In the study, researchers enrolled 612 rural Tanzanian children (aged 6 to 60 months) and randomly assigned them to receive daily oral supplements containing only zinc, multi-nutrients with zinc, multi-nutrients without zinc or a placebo. During the study period, there were 1,572 malaria episodes and researchers found that the incidence rate of malaria in all four intervention groups was nearly identical, with each group demonstrating about three episodes a year.

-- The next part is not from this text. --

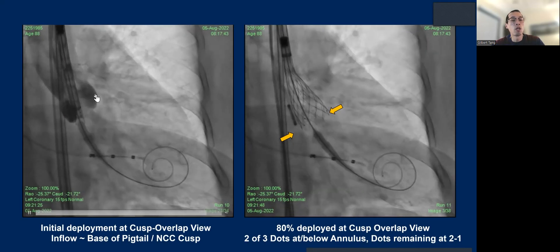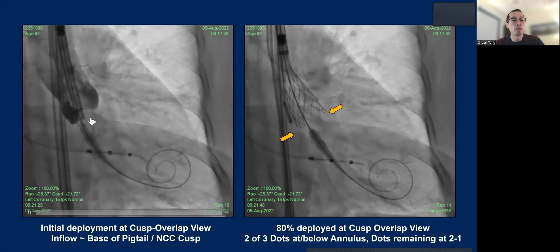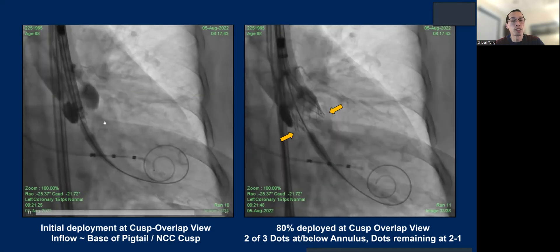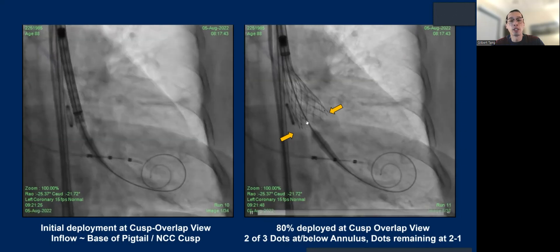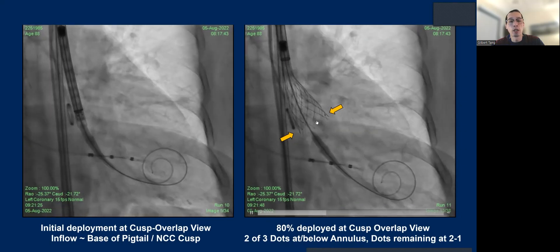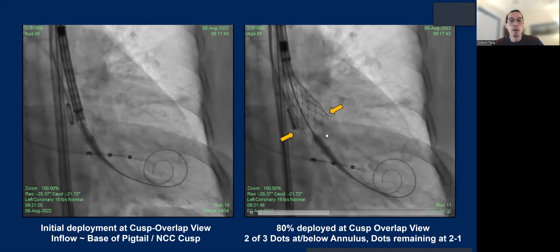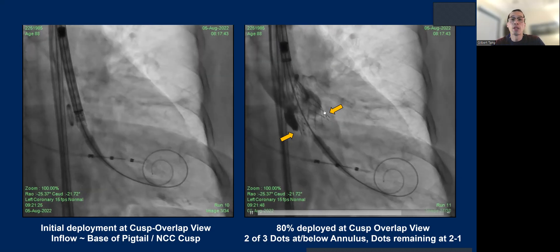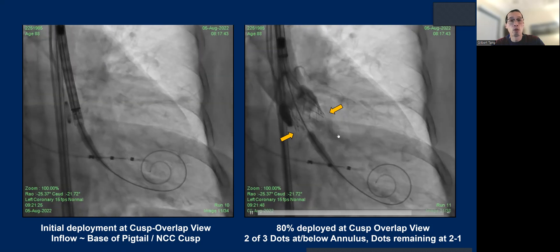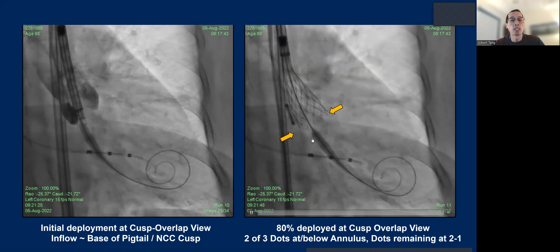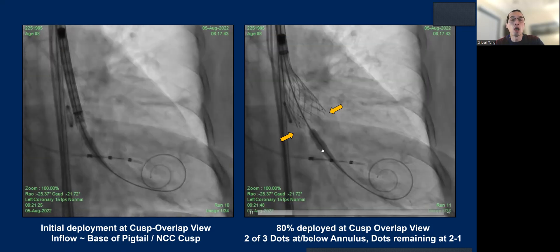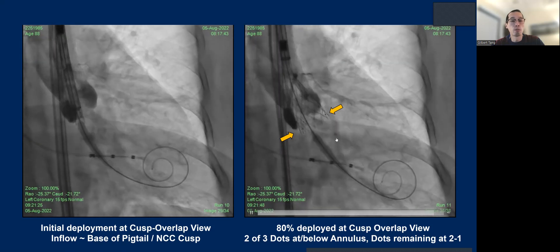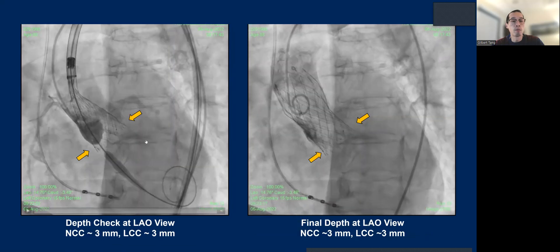On the cusp-overlap view, we line up the inflow of the Evolut FX with the pigtail at inflow-to-inflow, such that when the valve starts to flower, the dots will land right at the annulus. What we're aiming for is two or three dots at or just slightly below the annulus. If two or three dots are above the annulus, you're too aortic and will need to recapture to avoid a pop-up. With the FX system, the valve dives minimally, so you just need to make sure the dots are not placed too high.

“Despite a high prevalence of zinc deficiency, excellent compliance, and few drop-outs, we found no evidence from this trial that preventive zinc supplementation, alone or with multi-nutrients, reduced rates of febrile attacks of malaria,” the researchers said in a press release.

Study results also suggest that an increase in overall malaria rates may have occurred in children with iron deficiency who received the multi-nutrient supplement. Among children with iron deficiency, multi-nutrients increased rates of malaria episodes by 41%, while they had no effect in those who were iron replete. The addition of an iron supplement among iron-deficient children — who demonstrate more efficient iron absorption than iron-replete children — may have provided a nutritional source for the proliferation of malaria parasites.

According to researchers, “Diverse lines of evidence suggest that, of all the micronutrients, iron is the most critical mediator of host–pathogen interactions, and our findings build on existing evidence suggesting that supplementation with iron can increase malaria risk.”

Disclosure: The researchers report no relevant financial disclosures.